“No lugar de intensa instrumentação ou da valorização de gestos coesos o que ganha à frente (sic) no disco são sons produzidos pelos próprios mecanismos das máquinas utilizadas. O pulso da variação de corrente elétrica, o ‘hum’ causado pelo mal contato de cabos, sons de rolagem e da ‘marca d’água’ do reprodutor de fita k7, suas falhas de reprodução e seus botões sendo pressionados, risos de fundo, toque, suor, silêncio e distância. A valorização do que seria maquiado ou descartado. À medida que o álbum se desenrola, começam a surgir os rastros de uma formação musical (ritmo, voz, texturas) mas que tendem a se esvaziar. Foram utilizados no processo uma bateria eletrônica, fitas cassete, sintetizador e microfone de contato”.
A explicação na página do Bandcamp do selo QTV, por onde saiu o disco “Vazios”, parceira entre Bella e Cadu Tenório, já seria suficiente pra orientar sobre a experimentação intencionada. Entretanto, cabe dizer que o resultado segue quase a contento.
Escute com fones de ouvido, é preciso dizer, antes de tudo, no intuito de captar detalhes que os sons cotidianos ao redor podem obliterar. Com a imersão, é possível então perceber a evolução dos “rastros de uma formação musical”, como definido, o que é surpreendente como saldo bem-sucedido do experimento. Mas é curiosa a confusão que o título causa. Com fones, seria imaginável captar com maior vulto os silêncios – utilizando-se silêncios como sinônimo de vazio sonoro, algo que a princípio é equivocado, mas não exatamente ao ouvinte. Há poucos “vazios” na obra que se chama “Vazio”.

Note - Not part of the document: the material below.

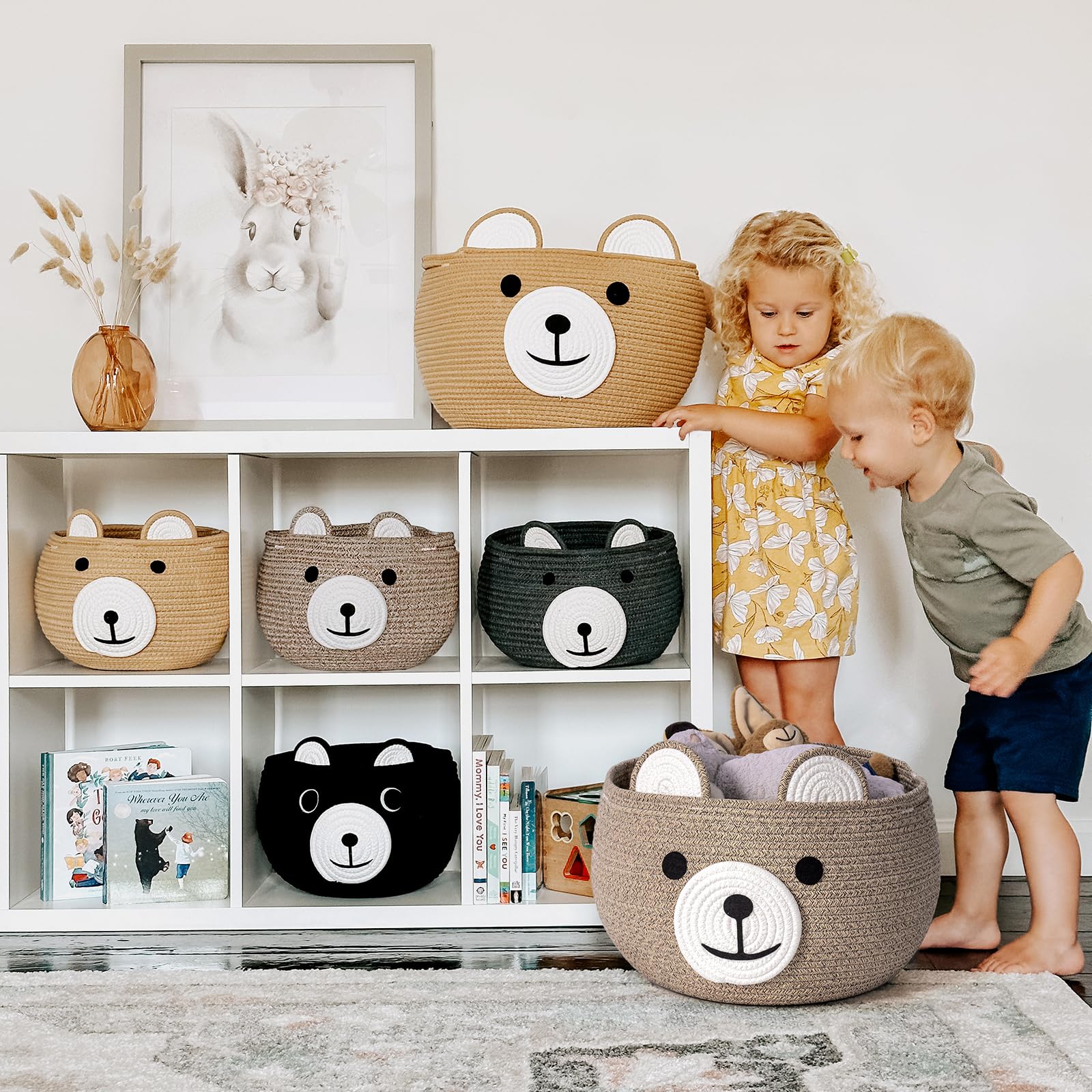 CherryNow baby-basket-handles enable easy carrying for gifting and moving around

Não que isso seja exatamente um equívoco. Como disse, pode ser reflexo de uma confusa interpretação da palavra. Porém, em “Vazios”, conforme as faixas avançam e os ruídos vão se apresentando, há mais um fluxo constante do que interrompimento. Há mais realidade do que suspense ou expectativa. Ao final da faixa “5”, tem-se o primeiro contato com o silêncio efetivo.
Os vazios, todavia, são as intermitências resultantes da “variação de corrente elétrica”, do “mal contato de cabos” (especificamente na expressiva faixa “6” e na faixa “7”), são “interpretações naturais do som”, ou da ausência dele, por assim dizer. É tudo o que sobra após o descarte e o uso. Ao mesmo tempo em que não é ausência pura e simples, porque é algo, tanto quanto o vácuo não é o nada, pois é ausência de ar e isso já é alguma coisa.

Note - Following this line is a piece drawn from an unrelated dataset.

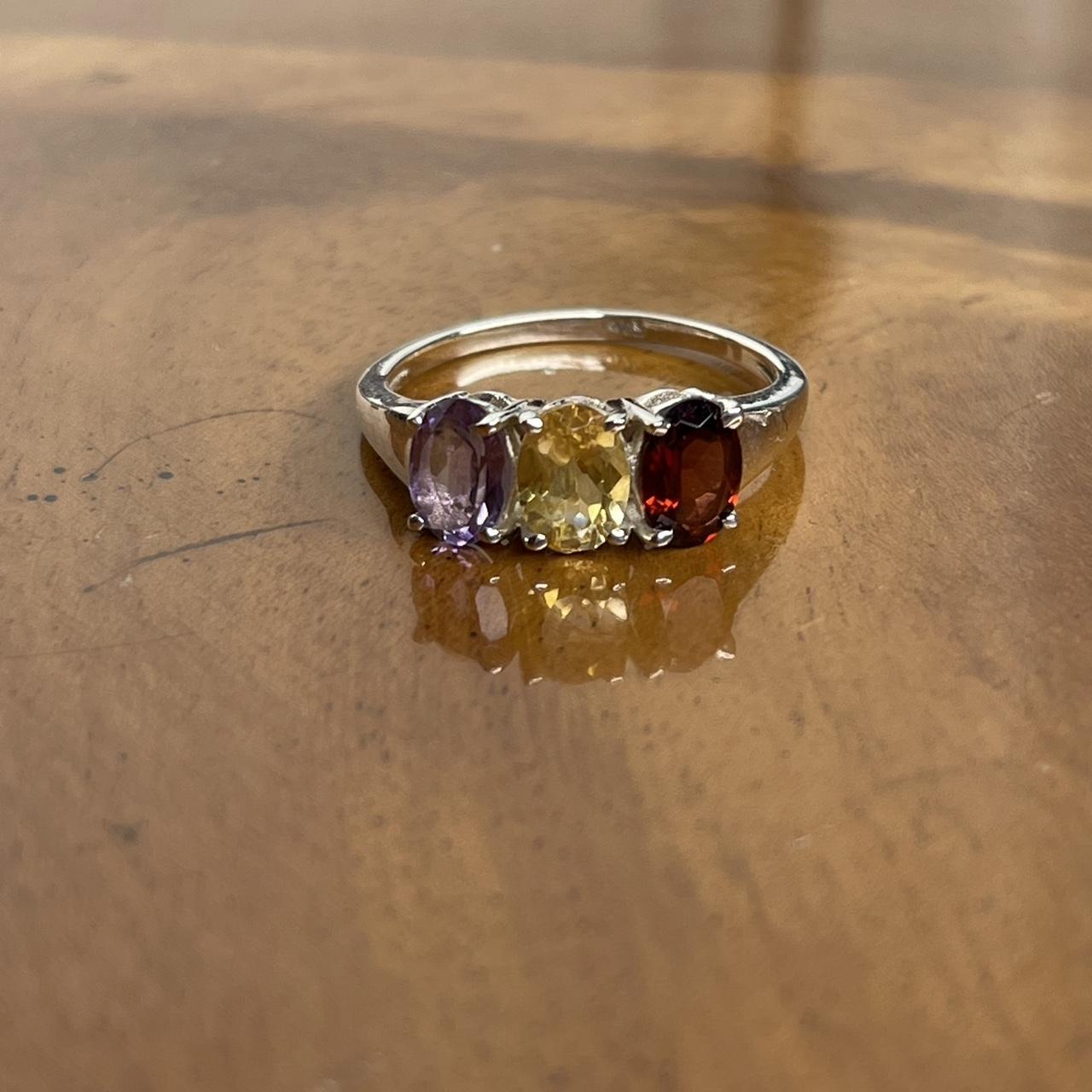 Women's Ring - Multi/Gold – Solid sterling silver… - image 7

A cola que liga tudo sem deixar “vazios” é o sintetizador, uma máquina (manipulável), tão máquina quanto o sistema não-programado (cabos, energia, atrito). De preenchimento quase constante, a beleza de seu uso – hipnótico, sombrio, apaziguador – transforma a imaginada rudeza peremptória do projeto em algo leve e acessível. “Vazios” é, assim, um trabalho que se equilibra bem entre o laboratorial e a aprazibilidade musical.
Bella é autora do magnífico “Facies”, de 2016 (vá aqui) e de “In\On”, com Thomas Rohrer (escute aqui). Este é o primeiro disco com Cadu Tenório.
A dupla foi responsável pela execução, gravação e mixagem. A masterização é de Emygdio Costa.
O lançamento é de 4 de abril de 2018, via QTV e Coisas Que Matam.